L'iglesia del Salvador a été construite sur la première grande mosquée de Séville. Comme souvent, la cour aux ablutions a été conservée.
"Tu n'es pas une ville mais un univers" lui disait sur le mode du dithyrambe le poète Fernando de Herrera.
Peuplée de plus de 100 000 habitants, dotée d'un espace urbain foisonnant de monuments et entourée de campagnes riches et fertiles, Séville apparaît au XVIe siècle comme l'un des centres les plus importants de l'Occident et, sûrement, le plus attractif. En effet, peuplée de plus de 100 000 habitants, dotée d'un espace urbain foisonnant de monuments et entourée de campagnes riches et fertiles, Séville apparaît au XVIe siècle comme l'un des centres les plus importants de l'Occident et, sûrement, le plus attractif. Cette ville-monde est aussi une sorte de ville frontière où tout semble possible depuis ce 31 mars 1493 quand, remontant le fleuve, la caravelle de Colomb revient avec quelques indiens Arawaks, de curieux oiseaux bariolés et des graines de plantes inconnues ; une cargaison décevante mais qui témoigne de sa découverte. Malgré l'absence d'un vrai port fluvial et d'un pont permanent sur le Guadalquivir, Séville devient en 1503, après la création de la Casa de la Contratación qui lui donne le monopole du commerce avec les colonies américaines, la base arrière des départs pour le Nouveau-Monde et la gueule insatiable où se déversent les richesses qui en reviennent.
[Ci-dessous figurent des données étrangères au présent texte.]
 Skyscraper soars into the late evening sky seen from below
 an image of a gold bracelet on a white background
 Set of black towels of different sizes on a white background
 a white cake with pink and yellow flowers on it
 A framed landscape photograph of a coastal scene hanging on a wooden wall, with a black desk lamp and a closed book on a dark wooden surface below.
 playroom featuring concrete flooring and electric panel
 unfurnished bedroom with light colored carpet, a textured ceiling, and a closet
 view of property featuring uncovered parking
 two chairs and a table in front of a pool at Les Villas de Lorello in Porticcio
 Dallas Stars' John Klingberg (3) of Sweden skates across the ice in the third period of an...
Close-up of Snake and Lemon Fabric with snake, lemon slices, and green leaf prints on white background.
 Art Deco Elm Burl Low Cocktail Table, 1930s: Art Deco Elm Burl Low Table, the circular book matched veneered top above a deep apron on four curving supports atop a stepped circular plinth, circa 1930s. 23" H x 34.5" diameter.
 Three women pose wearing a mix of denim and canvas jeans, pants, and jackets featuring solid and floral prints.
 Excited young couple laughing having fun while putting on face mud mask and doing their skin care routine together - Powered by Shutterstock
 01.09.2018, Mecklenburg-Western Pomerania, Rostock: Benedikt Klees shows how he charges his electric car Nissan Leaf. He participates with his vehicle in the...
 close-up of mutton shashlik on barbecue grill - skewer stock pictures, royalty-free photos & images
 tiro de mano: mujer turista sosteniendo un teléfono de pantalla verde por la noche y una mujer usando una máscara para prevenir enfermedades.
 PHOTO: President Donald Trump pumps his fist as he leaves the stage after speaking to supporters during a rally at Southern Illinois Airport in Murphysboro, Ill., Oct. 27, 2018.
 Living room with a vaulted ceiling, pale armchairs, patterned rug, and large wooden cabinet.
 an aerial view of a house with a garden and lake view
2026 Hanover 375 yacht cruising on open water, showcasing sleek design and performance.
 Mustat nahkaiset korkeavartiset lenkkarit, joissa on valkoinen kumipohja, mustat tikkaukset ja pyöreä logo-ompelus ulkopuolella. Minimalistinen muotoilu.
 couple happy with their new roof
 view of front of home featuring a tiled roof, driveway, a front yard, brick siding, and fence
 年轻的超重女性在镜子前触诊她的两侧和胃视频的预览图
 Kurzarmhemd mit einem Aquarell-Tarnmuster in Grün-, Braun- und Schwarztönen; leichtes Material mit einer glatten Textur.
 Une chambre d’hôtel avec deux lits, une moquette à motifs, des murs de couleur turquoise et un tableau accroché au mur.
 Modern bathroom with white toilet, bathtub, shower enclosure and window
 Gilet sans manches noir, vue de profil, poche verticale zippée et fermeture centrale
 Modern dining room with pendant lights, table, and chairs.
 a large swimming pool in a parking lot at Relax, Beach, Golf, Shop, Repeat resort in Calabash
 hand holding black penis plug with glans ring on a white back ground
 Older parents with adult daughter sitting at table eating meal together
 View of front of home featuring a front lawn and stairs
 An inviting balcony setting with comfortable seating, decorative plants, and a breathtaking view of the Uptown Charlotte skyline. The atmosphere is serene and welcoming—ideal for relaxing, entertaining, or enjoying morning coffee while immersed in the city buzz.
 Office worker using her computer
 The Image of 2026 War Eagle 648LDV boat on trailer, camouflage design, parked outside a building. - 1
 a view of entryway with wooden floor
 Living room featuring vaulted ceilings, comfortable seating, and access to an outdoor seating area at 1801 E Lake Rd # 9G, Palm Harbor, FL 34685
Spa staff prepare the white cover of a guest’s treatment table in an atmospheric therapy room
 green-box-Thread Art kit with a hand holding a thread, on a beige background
Avec les richesses du Nouveau-Monde, affluent aussi de toute l'Europe marchands, artistes, artisans, prédicateurs, picaros, aigrefins, cadets déclassés, marins, aventuriers et, pour distraire tout ce beau monde, des saltimbanques et des prostituées. De Babylone Séville possède la richesse et l'inépuisable énergie ; de la mythique Babel elle parle et abrite la multiplicité des langues et des nations. Cet âge d'or, ici le terme n'est pas galvaudé, dura deux cents ans avant une lente et magnifique décadence.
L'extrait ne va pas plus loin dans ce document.